Speeding up testing

Hi!

… maybe this has been proposed already: Would it be an option to run most/all of our unit tests without optimizations? I mean, we should set O=0 (or at most O=1) for the compilers. Especially gcc is supposed to speed up by doing so.

I haven’t tried the benefits myself yet… and I would agree that it would be good to do at least some testing with O=3 which is what we recommend to users; but maybe the O=3 testing can be deferred to the more extensive testing phase done when merging a given PR to develop, but not on a given PR?

Another possibility for speeding things up is to pre-build sundials and boost MPI (sure, the jenkins config burden may prevent that… I am not volunteering on this one…).

Best,
Sebastian

1 Like

I don’t know that we need to test at -O3—it’s just not clear where to stop. If we test -O3 now, why not -O0, too, as we’re not saying that Stan only runs with -O3.

I always run tests locally at -00 levels. I don’t know about the servers. For a lot of tests, it’s a tradeoff of compile time vs. run time, as the -O0 versions are more than ten times slower.

The fastest thing would be to cache results. After the makefiles were fixed, the Math library will now only recompile tests only if something it depends on has changed. In order to really take advantage of that, we need to go back to including what we use for headers in the tests; I think there’s a way to do that sanely, but it’s quite a bit of work at this point. Even without doing that, we should be able to reduce the testing for most PRs just by leaving the built tests around.t

Most of the distribution tests wouldn’t have to be recompiled in most PRs. Or if it does, it’ll just be the ones that matter. I think that’d be the quickest improvement we can make to the testing time (at the cost of disk space).

1 Like

I think we’d get a lot of speedup bang for buck switching to two “universal build” headers as I think you called them at rev/mat and mix/mat and collating tests to be at one of those two levels. Switching to IWYU at this point would be not just a pain in the butt but importantly it would also fail to test our supported API.

Unfortunately I think we probably do need to test at O3 since that’s what we expect users to use. I also would expect collating tests would buy us more than switching optimization level.

If you’re interested, they’re called “unity builds” and they’re really about sticking everything into a single translation unit. Here’s one reference: A guide to unity builds - Not just gamedev
There’s a lot of threads on stack overflow on it. There are some build systems that try to automate it.

I think we’ll see enough of an improvement once we squash the scal / arr / mat folders.
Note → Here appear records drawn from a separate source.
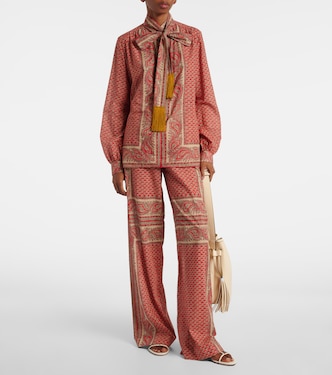 Printed tie-neck cotton blouse | Valentino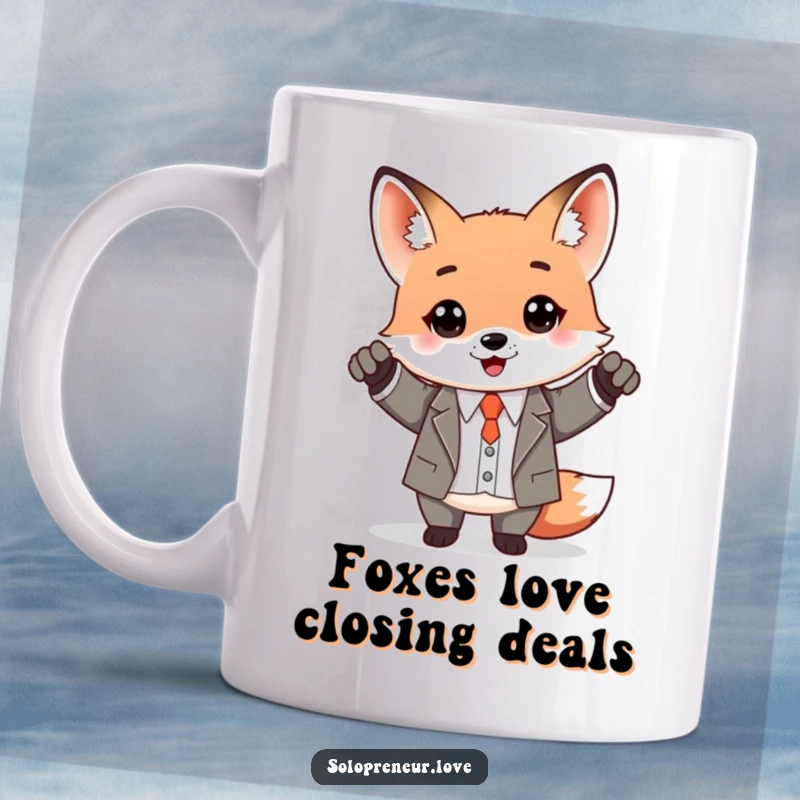 Funny Kawaii Fox in tiny business suit celebrating success, holding a briefcase, looking cheerful on a mug.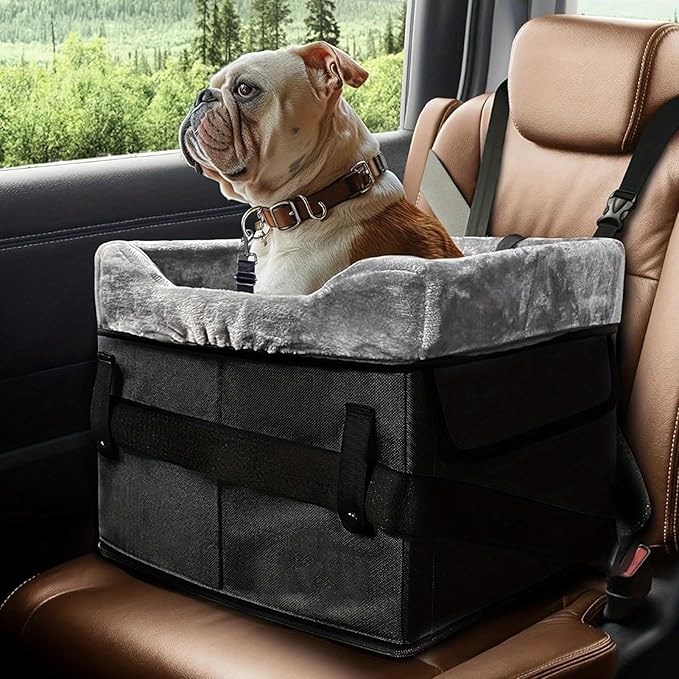 Portable Puppy Booster, Washable Car Seat for Dogs, Plush Travel Lounger with Storage Pockets, Comfortable Vehicle Bed for Small Dogs, Pet Car Seat with Soft Cushion Pet Gear for Front Back Center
At this point, I wouldn’t suggest this, but let’s evaluate after that’s done.

It actually wouldn’t be that much of a pain! I could probably take care of it in a weekend. I think @roulades might be able to just script out of it. Essentially, all we’d need to do is include the traits, then one header for the header under test.

Re: not testing the supported API. I think it’s ok for unit tests. We should have tests that use the main header and we do. But for unit tests, there’s a trade-off between good practice + developers time and full confidence that everything works under the supported API. Here, if we use more selective includes, we could break down the unit testing to only rebuilding tests that actually include the header that changed. For something like a new function, only the new test would be build. For something like a trait, everything would be rebuilt. I’m good with that for unit tests.

Agreed. I don’t really want to hunt down optimization-level bugs. We’ve run into them before. They’re hard to track down.

Ah! Yeah I’m familiar with these. I thought there was some other name for just having an “includes the world” header - unity builds would maybe imply that we include all of our tests in one file as well and compile them all in one go. Is that what you had in mind? That would make getting code coverage reports easier as well.

Famous last words :P

If we went to full IWYU, which tests would then use the main header?

Right now, we have one quick integration test that has code from the paper. I’m sure we have a few more in the math library and we could add some more.

Everything in Stan that uses the Math library only uses the main header. Things like the performance tests are end-to-end tests.

Yeah, so currently there are almost none of these tests for the main headers :P There was that logistic regression performance test and we’re adding some benchmarks to Math PRs but not with anything close to reasonable code coverage of the Math library. Just something to think about - All that said, I would probably agree with you here, reasoning that Stan Math and Stan are so tightly integrated that you really do just want to spend the testing effort first developing end-to-end tests at the Stan or CmdStan level and make end-to-end tests at lower levels a much lower priority or forgo them entirely.

Honestly I think that world would be better - fast, incremental unit tests for daily life and a suite of slow end-to-end tests with less code coverage run less frequently. I think I had a little reluctance towards that idea but I think it’s because the Math header system is so complicated that it does feel like you need to test it super carefully, but if we go to only 1 or 2 end-of-the-world headers then I would feel a lot more comfortable.